How are we holding up? Some days I wake up feeling normal and then I remember that the proverbial storm is still in flux, and not quite proverbial.
Nothing is normal, but the world still has to go on as if it is. I haven’t put on real clothing in almost two months. I’ve been forced to get into the weekly habit of dusting off my shoes. But each morning I wake up at 6:30am and go through my morning coffee routine and prepare for work.
I have to be honest, because we’re all friends here, I started writing this post about a month ago and then continued with a very laissez-faire approach. If you’ve written anything before, or even if you haven’t, it’s likely clear that such an approach does not work because words don’t find themselves on paper accidentally. Well, except for that one time I went to bed after drinking something called UV Blue–which was my college vice of choice– and woke up with about five pages of what I thought, I’m sure while writing, was sheer brilliance, but turned out to be illegible. You can call that by accident, if the accident is some sort of blueberry vodka and keeping a humming Macbook next to your bed. I am assuming UV Blue is blueberry flavored, but I don’t know and will not look it up.
So here we are about a month later and I can honestly say I have no idea where I was going with this, but what I do know is that it had something to do with baking Challah. How do I know that? Because I titled the entry “Challah.” So there we are. Here we are, time to talk about challah. I hate baking. Have I mentioned that before? I enjoy making some family recipes, I enjoy the food the ridiculous activity breads, but it doesn’t soothe me like cooking. Probably because the fear of messing up the measurements looms over my head. I don’t own a food scale and I approach baking with a kind of hubris that really shouldn’t pay off.
Currently there’s a flour massacre in my kitchen and I proofed my Challah in a 60-year-old pot, but this is only my third time making Challah and so it is what it is. The first time I made it was in my first apartment my partner and I shared. My mother never baked challah, not as long as I’ve been on this earth. But I sent her a recipe the other day and she decided to take a stab at it. I’ll spare you the grueling details because it wasn’t pretty, but imagine someone took a pile of wet dough, dropped it on the floor, and then proceeded to bake it in whatever shape it landed.

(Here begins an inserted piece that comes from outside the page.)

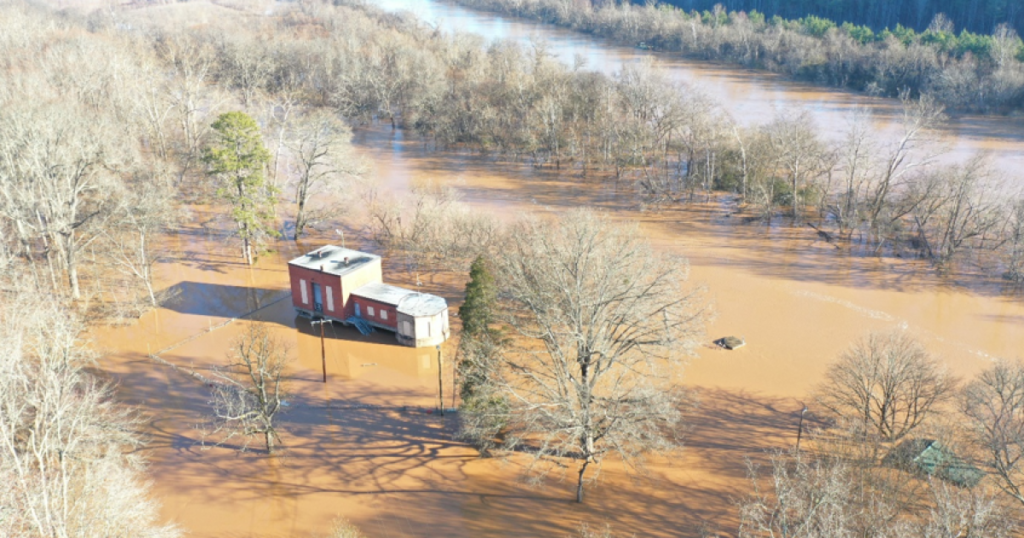 A maintenance crew drives a boat to the Hannah Ferry Pump Station during a flood.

Once again I’ve forgotten my point. I didn’t grow up with generations of women baking challah or really bread of any sort. That’s the one corner of the culinary world that had eluded me my whole life because it feels like work. Worse than work, it’s science. I don’t want to follow rules, I just want to cook. So I’ve made challah three times in my life and I haven’t really cared for a single one of them. I started baking them because I have what some people might call a household now and I have to start building a life, they say. So I bought a dining room table and found a challah recipe online. That’s really all the effort I can muster at this point in time.

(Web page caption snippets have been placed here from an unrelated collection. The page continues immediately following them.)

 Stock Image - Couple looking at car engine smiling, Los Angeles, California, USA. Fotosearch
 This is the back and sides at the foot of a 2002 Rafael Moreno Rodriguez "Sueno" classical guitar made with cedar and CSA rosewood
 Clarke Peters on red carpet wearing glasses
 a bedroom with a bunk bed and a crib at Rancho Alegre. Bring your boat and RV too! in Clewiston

Another week has gone by, maybe two. Not three. Definitely not three. And the reason for this post is buried somewhere underneath some pile I have little patience to dig through. So I will just carry on about the challah, that I baked… which by the time you read this could have been a year ago. How did my third attempt at challah go? I don’t really remember, but like most of my baking excursions, I want to say fine? It was eaten and so that’s a good sign.

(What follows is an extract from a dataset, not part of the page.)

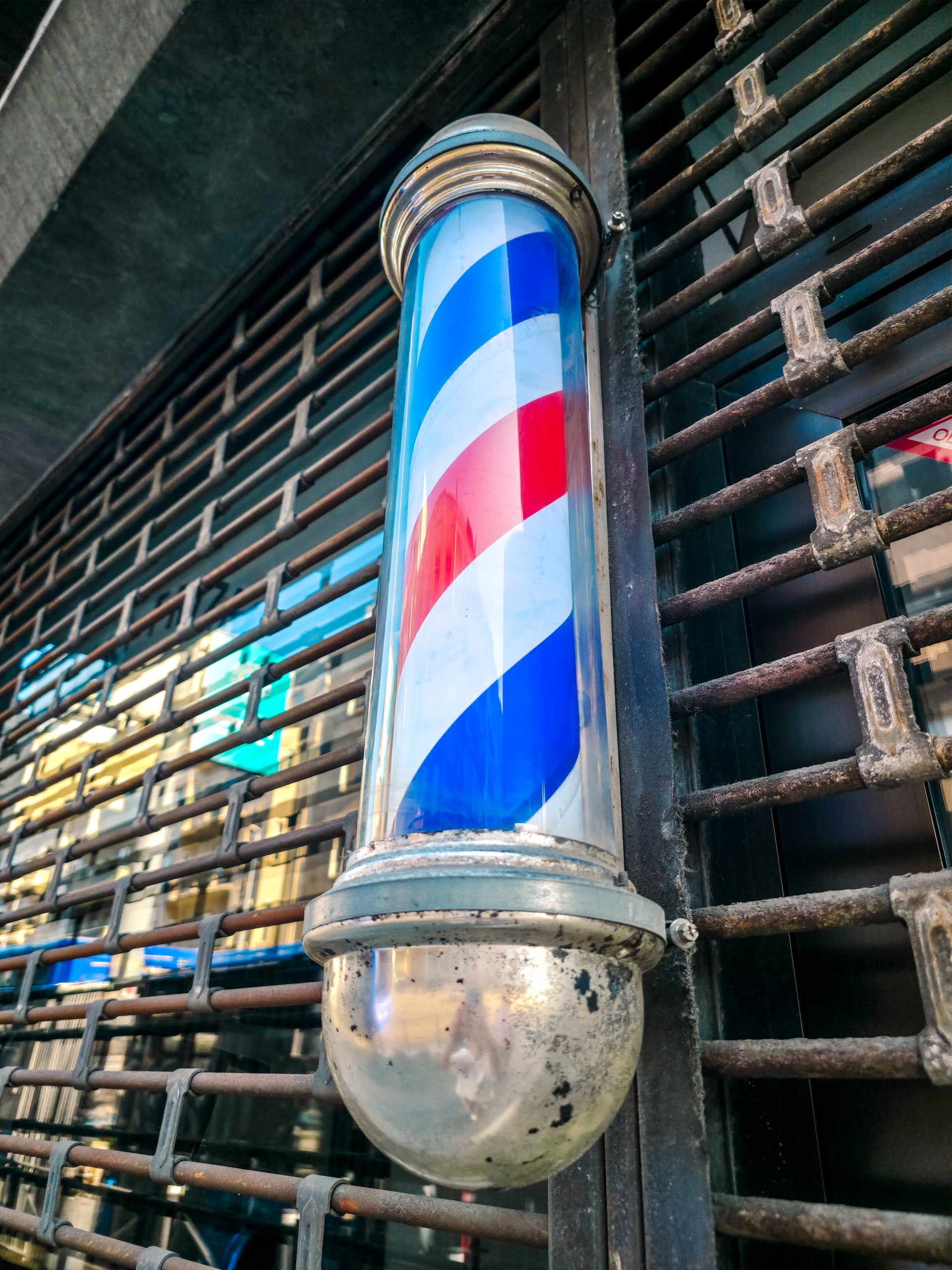 Close-up of traditional barber pole in Belgrade. Red, white, and blue spiral stripes on a vintage metallic fixture, symbol of classic barbershop culture and urban street style.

I know baking is a science and I admire those among us who can do it well, I’d worship at their alter when given the chance. The amount of knowledge that goes into someone being able to produce a good bake when it comes to bread, is more than I can ever hope to be gifted with… unless I practice which I’m probably not going to do.
Wow, I think I remembered the point! Normalcy. Bear with me just a little longer. The only times I’ve baked challah in my life was to try and input a sense of comfort and normalcy into my life. Now I know what you’re thinking, “Daniella, didn’t you just spend way more words than you needed explaining how baking bread is not normal for you and not something you grew up with?” Yes, way to pay attention folks! While it’s true that I only remember store-bought challah as the staple in my house, it was always there. Being away from my parents and the challah they made a point to pick up every Friday morning from the local kosher bakery, I can’t seem to walk into a grocery store and just throw it into a cart with my PBR.
In trying to make my home feel like my home, I needed ceremony. So I went about the process of mixing ingredients I sort of measured, kneading dough, braiding and hoping for the best, which is fine even if it’s, ya know, fine.